Similarly, future investigations should include assessments of visual functions susceptible to changes in estrogenic activity. Because SWS-cone-mediated visual response is important only for color vision and not, for instance, for fine spatial resolution,294 AI-induced changes in SWS-cone-mediated response182 are not expected to compromise a person's ability to function in her environment. By the same token, however, SWS-cone-mediated response sensitivities can be measured using established procedures that provide an exceptionally high degree of functional isolation,216, 295, 296 thereby allowing the response dynamics of an operationally well-defined neural substrate to be measured behaviorally with little or no intrusion from other neural substrates182 (which do not share the same pre-corrical anatomic pathways dedicated to SWS-cone-mediated vision297, 298). If the temporal integration periods of SWS-cone-mediated response are prolonged by AI use, as we hypothesize, there is only a remote chance that no other neural substrate is made more sluggish in this way. We therefore suggest that psychophysical studies be conducted to determine whether AIs cause the temporal integration periods for SWS-cone-mediated response to become prolonged. (Corresponding fMRI studies may be performed,299, 300 but because of practical constraints, fMRI studies are limited to small numbers of subjects.) If our hypothesis is supported, a next step is to determine whether response sluggishness measured for SWS-cone-mediated vision can be used to mark deficits in cognitive processing that may result from one or more adjuvant endocrine therapies.224 For the present, we recommend that studies of BC survivors’ cognitive function begin to record or screen for eye health and also add tests of spatial vision so that sensory deficits are not misconstrued as cognitive deficits.206
Acknowledgments
Portions of this work were supported by NIH grant EY014594 (to A. Eisner). We would like to thank Alison Conlin, MD, MPH, and David Sullivan, PhD, for critiquing the manuscript; and Linda Simmons, MLS, for help locating references.
Notice of correction
The Early Online version of this article published online ahead of print on 5 August 2011 contained errors.
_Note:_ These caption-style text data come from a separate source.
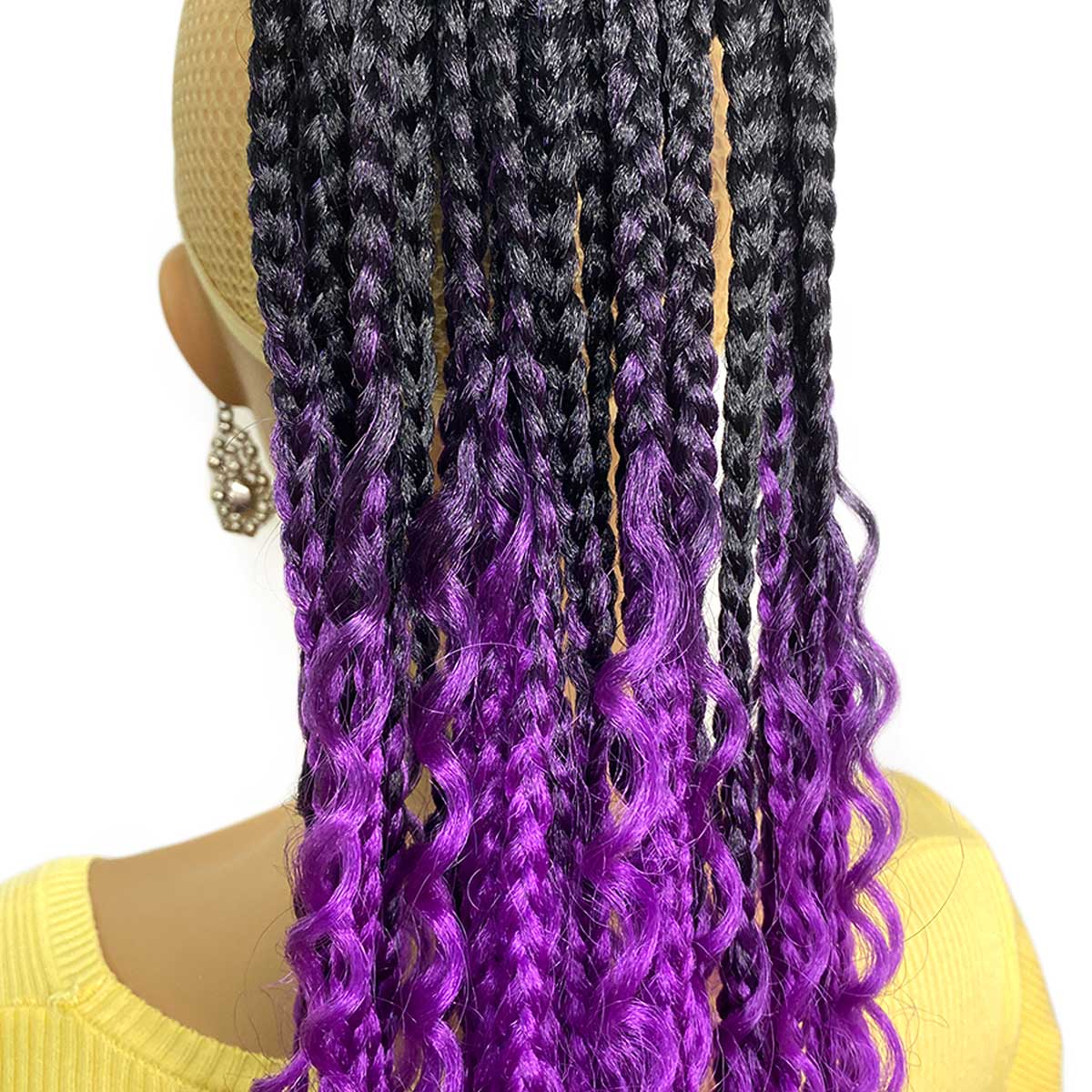 Purple Braided Ponytail Drawstring Box curly Braid Ponytail Extension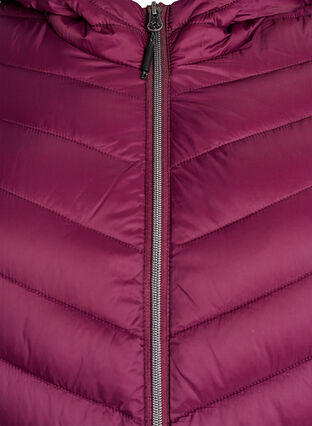Zizzi Lett jakke med hette, Mørk Bordeaux, Packshot image number 2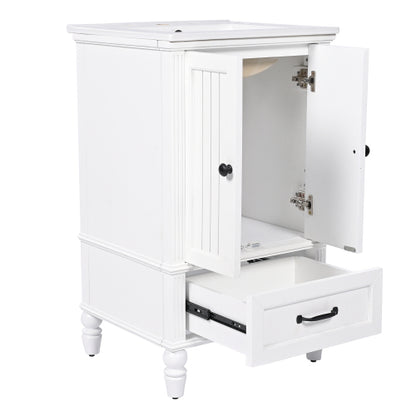 20" Bathroom Vanity with Sink, Bathroom Cabinet with Two Doors, Magnetic Door Stopper and Adiustable Foot Pads, A Drawer, White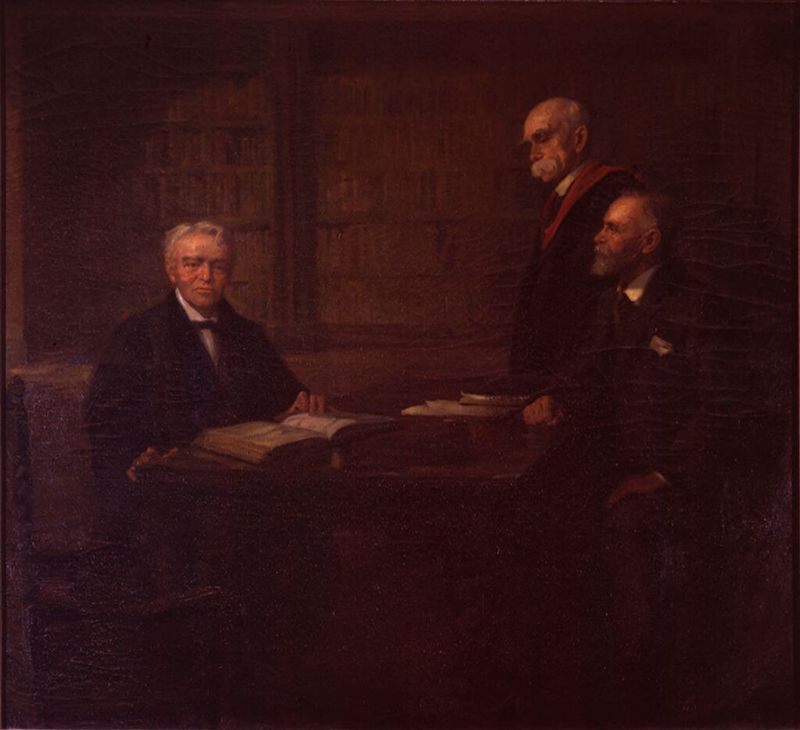 Portrait of Josiah Royce, George Herbert Palmer, and William James by Winifred Rieber, oil on canvas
The start of the Abstract on page 867 has been changed from “This review concerns the visual and ocular effects…” to “This review concerns the effects on vision and the eye…”
The original receipt date has been added at the bottom of page 867.
Capitalization has been corrected in the section heading on page 873.
These errors have been corrected for the current version.
Declaration of interest
The authors report no conflicts of interest. The authors alone are responsible for the content and writing of the paper.